*** Block opens ***

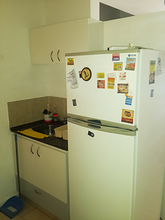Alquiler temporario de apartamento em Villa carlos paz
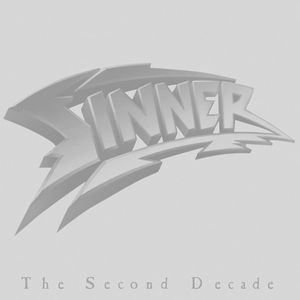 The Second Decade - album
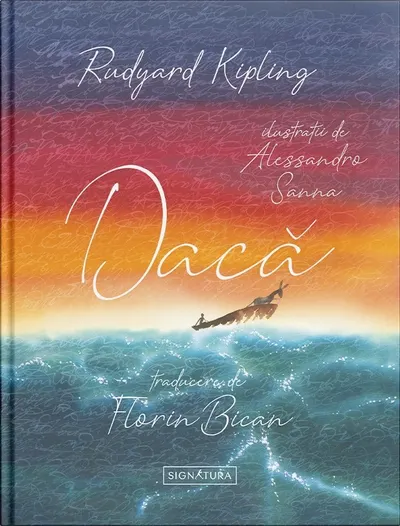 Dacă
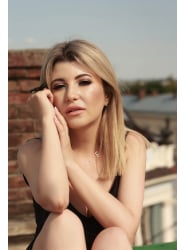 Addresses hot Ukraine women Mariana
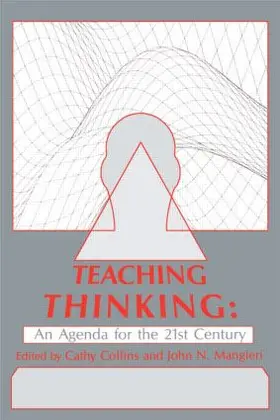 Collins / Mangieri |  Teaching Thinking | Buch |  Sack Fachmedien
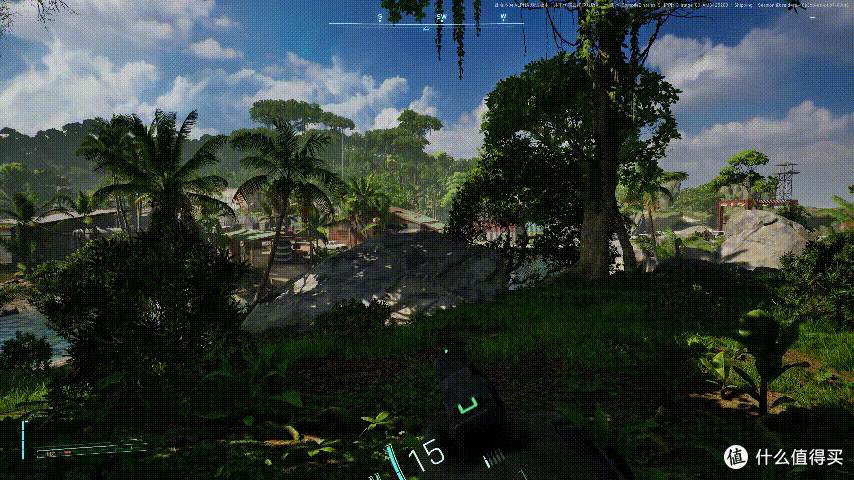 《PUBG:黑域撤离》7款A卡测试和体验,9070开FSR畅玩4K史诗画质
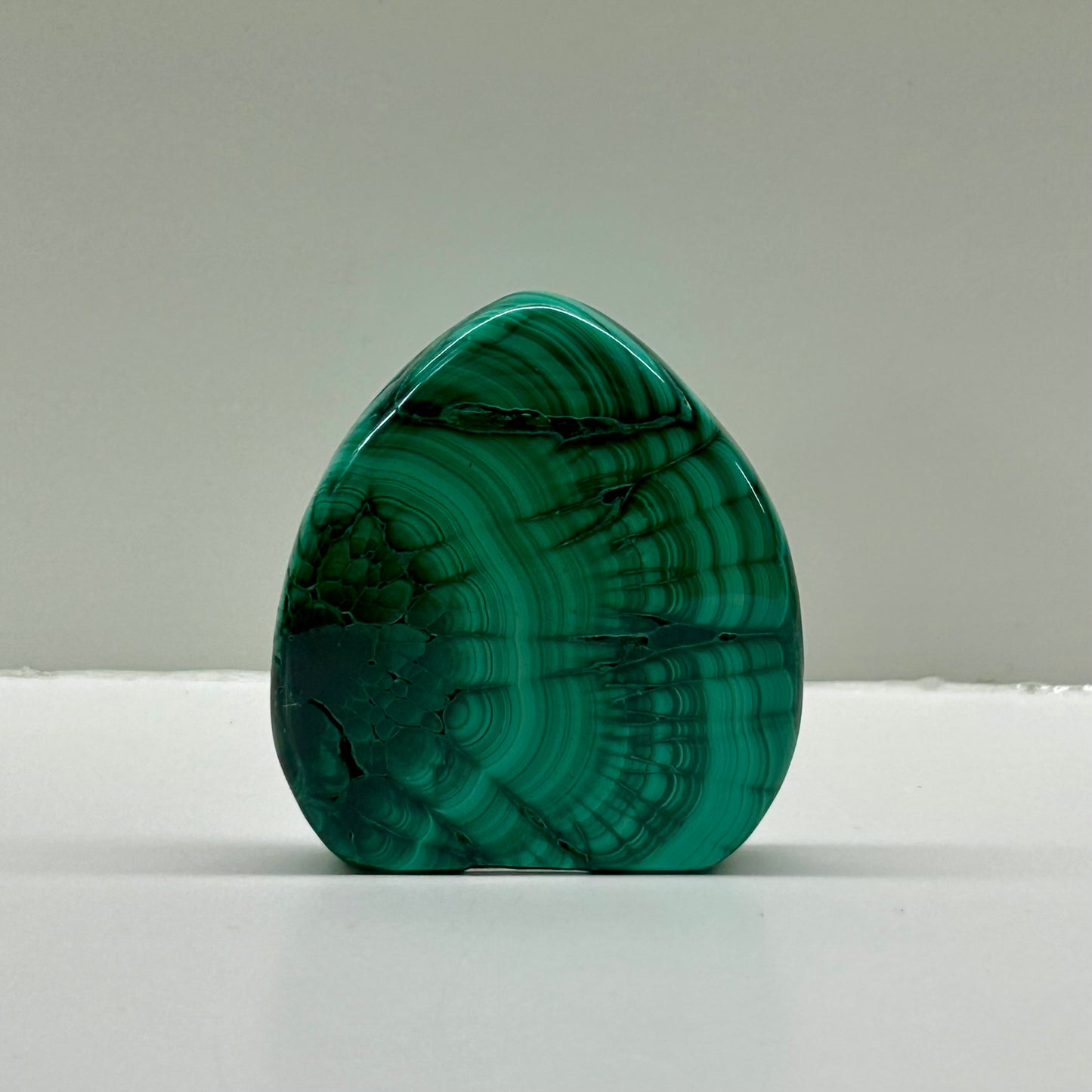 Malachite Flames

*** Block closes ***

**Aim of the exercise:** Set down every entry above verbatim, without pictures.

**Worked solution:**
Alquiler temporario de apartamento em Villa carlos paz
 The Second Decade - album
 Dacă
 Addresses hot Ukraine women Mariana
 Collins / Mangieri |  Teaching Thinking | Buch |  Sack Fachmedien
 《PUBG:黑域撤离》7款A卡测试和体验,9070开FSR畅玩4K史诗画质
 Malachite Flames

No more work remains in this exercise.